EXERCISE DIRECTIONS. Each line from the material with the word "Used" in it must be copied.

EXERCISE MATERIALS.

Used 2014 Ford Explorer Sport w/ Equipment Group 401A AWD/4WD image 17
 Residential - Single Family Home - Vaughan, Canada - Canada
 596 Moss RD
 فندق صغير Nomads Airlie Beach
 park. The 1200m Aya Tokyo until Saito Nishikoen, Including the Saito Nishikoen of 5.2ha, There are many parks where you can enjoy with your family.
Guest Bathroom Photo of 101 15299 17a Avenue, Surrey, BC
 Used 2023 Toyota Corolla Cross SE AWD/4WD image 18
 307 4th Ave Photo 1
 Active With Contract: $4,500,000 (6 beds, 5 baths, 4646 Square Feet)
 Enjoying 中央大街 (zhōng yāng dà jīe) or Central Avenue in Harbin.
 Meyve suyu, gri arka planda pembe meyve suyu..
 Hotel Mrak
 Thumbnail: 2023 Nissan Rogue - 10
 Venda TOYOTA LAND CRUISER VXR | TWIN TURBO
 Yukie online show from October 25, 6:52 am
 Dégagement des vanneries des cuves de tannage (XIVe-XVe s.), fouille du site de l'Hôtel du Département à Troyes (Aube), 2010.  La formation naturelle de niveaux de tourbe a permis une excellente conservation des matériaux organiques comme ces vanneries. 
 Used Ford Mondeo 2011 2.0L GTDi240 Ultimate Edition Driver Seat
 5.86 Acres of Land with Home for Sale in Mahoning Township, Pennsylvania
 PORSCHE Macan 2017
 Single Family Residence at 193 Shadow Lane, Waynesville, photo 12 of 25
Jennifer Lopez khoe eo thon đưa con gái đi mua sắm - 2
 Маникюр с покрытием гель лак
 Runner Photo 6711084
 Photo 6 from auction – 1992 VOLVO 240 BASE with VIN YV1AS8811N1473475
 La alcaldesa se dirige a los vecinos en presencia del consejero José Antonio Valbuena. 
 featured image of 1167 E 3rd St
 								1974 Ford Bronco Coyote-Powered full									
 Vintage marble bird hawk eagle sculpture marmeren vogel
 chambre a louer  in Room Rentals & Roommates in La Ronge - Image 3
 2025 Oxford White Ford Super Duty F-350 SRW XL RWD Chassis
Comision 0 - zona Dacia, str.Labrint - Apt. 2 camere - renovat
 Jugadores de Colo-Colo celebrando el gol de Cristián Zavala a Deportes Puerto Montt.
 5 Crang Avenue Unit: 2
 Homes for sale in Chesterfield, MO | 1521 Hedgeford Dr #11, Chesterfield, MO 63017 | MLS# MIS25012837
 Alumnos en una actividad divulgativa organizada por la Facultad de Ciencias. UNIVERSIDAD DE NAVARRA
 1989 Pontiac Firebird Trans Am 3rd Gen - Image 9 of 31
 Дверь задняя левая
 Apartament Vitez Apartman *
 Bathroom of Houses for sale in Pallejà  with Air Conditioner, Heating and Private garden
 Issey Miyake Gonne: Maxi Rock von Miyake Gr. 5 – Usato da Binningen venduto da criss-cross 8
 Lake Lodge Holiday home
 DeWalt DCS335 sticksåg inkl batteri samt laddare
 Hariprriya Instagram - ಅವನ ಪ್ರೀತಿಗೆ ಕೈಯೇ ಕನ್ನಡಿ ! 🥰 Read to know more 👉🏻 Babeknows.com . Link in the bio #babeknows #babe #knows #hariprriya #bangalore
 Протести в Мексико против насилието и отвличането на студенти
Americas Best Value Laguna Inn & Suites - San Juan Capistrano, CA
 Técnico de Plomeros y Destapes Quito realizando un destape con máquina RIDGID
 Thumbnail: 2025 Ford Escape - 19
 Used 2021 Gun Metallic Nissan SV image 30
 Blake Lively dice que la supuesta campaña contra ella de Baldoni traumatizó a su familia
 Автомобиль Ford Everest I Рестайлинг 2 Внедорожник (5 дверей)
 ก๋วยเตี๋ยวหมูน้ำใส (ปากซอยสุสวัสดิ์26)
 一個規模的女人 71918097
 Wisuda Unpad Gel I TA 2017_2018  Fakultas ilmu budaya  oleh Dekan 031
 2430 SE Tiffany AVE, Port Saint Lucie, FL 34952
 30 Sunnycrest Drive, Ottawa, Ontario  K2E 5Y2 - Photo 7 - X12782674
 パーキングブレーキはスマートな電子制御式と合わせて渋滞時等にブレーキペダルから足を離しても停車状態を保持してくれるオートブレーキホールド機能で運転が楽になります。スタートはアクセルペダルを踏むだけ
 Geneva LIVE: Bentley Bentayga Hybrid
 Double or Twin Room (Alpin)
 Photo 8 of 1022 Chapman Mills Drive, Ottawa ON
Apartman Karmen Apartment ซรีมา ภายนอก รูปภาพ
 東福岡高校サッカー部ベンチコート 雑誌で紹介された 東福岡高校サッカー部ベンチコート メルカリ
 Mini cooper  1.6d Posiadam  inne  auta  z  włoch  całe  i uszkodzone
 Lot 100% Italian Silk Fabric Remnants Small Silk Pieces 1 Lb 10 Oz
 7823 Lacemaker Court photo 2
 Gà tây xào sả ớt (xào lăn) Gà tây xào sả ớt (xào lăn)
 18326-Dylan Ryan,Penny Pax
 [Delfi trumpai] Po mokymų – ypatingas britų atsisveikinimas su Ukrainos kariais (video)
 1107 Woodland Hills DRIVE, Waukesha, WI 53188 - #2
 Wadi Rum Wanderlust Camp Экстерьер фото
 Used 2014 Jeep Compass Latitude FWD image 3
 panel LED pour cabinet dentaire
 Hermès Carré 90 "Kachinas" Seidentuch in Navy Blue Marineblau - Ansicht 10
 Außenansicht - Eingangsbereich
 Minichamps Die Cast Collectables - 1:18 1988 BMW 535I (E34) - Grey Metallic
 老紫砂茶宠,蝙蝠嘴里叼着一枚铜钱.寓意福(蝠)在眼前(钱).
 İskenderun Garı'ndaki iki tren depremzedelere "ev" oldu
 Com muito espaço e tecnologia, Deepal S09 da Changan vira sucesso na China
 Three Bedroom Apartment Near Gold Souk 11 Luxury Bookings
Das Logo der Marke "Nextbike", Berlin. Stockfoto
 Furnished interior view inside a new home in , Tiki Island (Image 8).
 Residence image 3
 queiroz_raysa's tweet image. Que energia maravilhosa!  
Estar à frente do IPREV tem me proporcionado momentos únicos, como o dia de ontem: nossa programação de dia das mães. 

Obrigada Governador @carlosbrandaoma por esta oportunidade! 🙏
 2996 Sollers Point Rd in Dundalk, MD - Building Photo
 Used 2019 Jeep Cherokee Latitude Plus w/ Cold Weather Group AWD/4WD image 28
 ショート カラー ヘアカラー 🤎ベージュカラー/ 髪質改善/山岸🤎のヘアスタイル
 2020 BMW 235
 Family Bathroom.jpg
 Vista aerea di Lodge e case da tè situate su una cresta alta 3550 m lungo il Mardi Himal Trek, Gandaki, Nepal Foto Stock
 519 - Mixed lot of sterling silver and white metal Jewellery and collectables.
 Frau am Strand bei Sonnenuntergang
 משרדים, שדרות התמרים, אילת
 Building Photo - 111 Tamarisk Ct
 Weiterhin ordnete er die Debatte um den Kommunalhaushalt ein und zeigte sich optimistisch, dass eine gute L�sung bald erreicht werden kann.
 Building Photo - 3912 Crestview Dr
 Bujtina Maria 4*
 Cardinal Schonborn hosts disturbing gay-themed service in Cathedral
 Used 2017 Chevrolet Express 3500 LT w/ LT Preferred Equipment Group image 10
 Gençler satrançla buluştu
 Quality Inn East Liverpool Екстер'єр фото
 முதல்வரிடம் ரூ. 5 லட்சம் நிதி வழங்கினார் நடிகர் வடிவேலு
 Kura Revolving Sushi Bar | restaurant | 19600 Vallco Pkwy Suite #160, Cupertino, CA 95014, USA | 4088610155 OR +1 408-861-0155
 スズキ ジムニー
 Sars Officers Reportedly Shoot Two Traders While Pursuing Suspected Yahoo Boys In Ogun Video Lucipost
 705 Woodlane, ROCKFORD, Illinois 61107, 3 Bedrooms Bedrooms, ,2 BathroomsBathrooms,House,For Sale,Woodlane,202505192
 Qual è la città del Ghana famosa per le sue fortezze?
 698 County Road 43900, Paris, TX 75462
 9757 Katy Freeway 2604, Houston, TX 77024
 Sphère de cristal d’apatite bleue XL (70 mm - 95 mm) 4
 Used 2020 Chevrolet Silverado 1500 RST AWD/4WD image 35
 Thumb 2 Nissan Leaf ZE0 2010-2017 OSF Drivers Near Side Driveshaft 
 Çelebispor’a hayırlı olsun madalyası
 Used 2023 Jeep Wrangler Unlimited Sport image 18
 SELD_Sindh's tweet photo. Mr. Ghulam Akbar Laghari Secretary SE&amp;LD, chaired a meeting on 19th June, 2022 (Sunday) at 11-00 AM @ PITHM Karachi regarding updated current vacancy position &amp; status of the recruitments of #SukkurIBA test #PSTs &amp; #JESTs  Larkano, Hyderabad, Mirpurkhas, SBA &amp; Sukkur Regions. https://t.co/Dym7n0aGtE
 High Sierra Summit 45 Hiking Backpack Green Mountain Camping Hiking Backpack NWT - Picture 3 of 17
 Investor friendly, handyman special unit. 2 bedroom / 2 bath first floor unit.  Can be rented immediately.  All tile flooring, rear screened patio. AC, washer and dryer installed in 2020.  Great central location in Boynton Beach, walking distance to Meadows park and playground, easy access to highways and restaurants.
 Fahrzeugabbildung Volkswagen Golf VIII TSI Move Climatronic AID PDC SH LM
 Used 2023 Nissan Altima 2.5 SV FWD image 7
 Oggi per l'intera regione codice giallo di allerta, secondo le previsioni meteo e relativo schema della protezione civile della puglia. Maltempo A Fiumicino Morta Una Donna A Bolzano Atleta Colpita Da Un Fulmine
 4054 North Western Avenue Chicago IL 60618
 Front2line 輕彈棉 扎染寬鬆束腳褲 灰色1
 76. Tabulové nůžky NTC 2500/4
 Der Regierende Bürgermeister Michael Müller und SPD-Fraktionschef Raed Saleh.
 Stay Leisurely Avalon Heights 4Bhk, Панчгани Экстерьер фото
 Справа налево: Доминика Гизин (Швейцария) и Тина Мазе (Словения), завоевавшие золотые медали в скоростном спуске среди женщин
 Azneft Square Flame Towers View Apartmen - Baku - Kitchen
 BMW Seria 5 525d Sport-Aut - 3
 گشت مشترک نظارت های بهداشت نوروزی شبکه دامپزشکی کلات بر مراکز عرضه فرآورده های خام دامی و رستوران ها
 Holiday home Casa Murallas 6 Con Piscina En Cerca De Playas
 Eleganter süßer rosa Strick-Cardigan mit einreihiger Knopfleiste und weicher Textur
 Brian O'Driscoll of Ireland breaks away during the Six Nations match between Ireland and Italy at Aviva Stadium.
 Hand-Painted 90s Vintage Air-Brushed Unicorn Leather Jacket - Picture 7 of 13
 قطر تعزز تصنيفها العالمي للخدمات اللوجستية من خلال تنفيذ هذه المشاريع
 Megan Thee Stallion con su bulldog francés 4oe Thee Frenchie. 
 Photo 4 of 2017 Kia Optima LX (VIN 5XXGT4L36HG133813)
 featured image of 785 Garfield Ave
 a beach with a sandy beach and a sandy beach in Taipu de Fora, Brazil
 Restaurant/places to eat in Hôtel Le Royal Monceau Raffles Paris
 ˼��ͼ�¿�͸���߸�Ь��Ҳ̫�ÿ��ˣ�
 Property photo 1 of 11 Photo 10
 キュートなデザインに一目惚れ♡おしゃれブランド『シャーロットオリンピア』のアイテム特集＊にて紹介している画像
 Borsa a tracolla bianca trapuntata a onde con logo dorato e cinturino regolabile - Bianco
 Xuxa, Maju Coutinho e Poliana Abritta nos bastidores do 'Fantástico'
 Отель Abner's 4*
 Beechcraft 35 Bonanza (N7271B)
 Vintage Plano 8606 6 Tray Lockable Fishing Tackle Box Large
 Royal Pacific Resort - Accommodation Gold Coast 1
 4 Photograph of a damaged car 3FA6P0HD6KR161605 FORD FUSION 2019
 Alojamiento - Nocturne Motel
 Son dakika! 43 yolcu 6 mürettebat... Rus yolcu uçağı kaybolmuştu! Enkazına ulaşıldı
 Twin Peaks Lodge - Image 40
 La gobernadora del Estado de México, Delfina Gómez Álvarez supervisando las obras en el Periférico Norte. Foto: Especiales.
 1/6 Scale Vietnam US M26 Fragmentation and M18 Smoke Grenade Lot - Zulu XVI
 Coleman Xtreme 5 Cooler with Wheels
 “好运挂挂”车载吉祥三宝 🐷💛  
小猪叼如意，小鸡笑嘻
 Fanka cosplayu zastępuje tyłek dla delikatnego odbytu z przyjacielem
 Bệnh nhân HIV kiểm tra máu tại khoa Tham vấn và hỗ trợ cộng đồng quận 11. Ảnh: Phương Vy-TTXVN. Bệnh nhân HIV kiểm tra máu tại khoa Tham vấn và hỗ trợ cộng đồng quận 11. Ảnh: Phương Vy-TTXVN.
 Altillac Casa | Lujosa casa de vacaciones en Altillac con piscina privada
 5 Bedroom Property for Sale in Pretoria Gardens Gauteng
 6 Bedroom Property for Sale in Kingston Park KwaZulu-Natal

FINAL ANSWER.
Used 2014 Ford Explorer Sport w/ Equipment Group 401A AWD/4WD image 17
 Used 2023 Toyota Corolla Cross SE AWD/4WD image 18
 Used Ford Mondeo 2011 2.0L GTDi240 Ultimate Edition Driver Seat
 Used 2021 Gun Metallic Nissan SV image 30
 Used 2014 Jeep Compass Latitude FWD image 3
 Used 2019 Jeep Cherokee Latitude Plus w/ Cold Weather Group AWD/4WD image 28
 Used 2017 Chevrolet Express 3500 LT w/ LT Preferred Equipment Group image 10
 Used 2020 Chevrolet Silverado 1500 RST AWD/4WD image 35
 Used 2023 Jeep Wrangler Unlimited Sport image 18
 Used 2023 Nissan Altima 2.5 SV FWD image 7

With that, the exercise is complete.